So there I sat in my office, hatchet-faced, thoughts playing around my head: "I'm not good enough", "I really need to work out", and I'm about to be exposed for the fraud I am" . All the nasty internal chatter that goes with the territory of stretching out of your comfort zone.
It turns out that my birthday book from London had extracts from letters between Cassandra Austen and her younger sister, the famous Jane (Pride and Prejudice ring any bells?). Among other things, I learned that Jane sometimes felt inadequate in the company of other writers. Trips to London to meet her publisher scared the bejeezus out of her.
So whenever you feel inadequate on the job, remember that you're not alone. Even Jane Austen struggled at work.
So what are we dealing with here? Imposter Syndrome. Defined as a habit of negative self-belief that persists in the face of evidence to the contrary.
Women suffering from imposter syndrome (I never met one who doesnt) struggle with confidence at work. They report that they feel out of their depth, that they are less likely to volunteer for tough work assignments because they don't feel ready or capable even when they are in fact better qualified than their colleagues. Many worthy women (and that's all of us) operate under a cloud of paralysing and repetitious thoughts about not being good enough and not belonging. We hustle through our work lives convinced we're on the edge of being thrown out of our jobs, any day now, for rank incompetence. What to do? Imposter syndrome is much easier to take on if you have some kind of framework for understanding how it works, and how you can grow through it.

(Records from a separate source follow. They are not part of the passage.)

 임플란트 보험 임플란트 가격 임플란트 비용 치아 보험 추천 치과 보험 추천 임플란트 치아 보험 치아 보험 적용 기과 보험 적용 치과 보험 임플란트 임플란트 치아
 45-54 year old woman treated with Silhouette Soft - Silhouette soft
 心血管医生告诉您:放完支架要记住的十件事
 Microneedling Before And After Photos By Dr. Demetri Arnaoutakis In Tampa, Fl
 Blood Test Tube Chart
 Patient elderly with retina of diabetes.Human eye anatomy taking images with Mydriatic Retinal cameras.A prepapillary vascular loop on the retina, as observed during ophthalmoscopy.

I'm sympathetic to the idea that imposter syndrome is socialized into girls from the earliest phase of childhood. If you follow this logic, women wind up with a confidence deficit (and feel like frauds in the cut and thrust of work) because girls and boys are parented differently. For instance, parents are more protective of the physical safety of girls than boys. So women are taught to take fewer risks in general - which can have consequences at work.
Generations of gobbled-up female talent. What a waste.
My own sense of what's going on here is that imposter syndrome is a by-product of the competitive culture of work. All of us are under pressure to zhoozh up our resumes, to put on a face that's dazzling and only occasionally fully authentic, to hide our weakness (sometimes for good reason), to fake our competence until we make it - particularly when we're at the pointy edge of an unfamiliar task, job or colleague. Many of us experience corporate culture as kind of, well, phony.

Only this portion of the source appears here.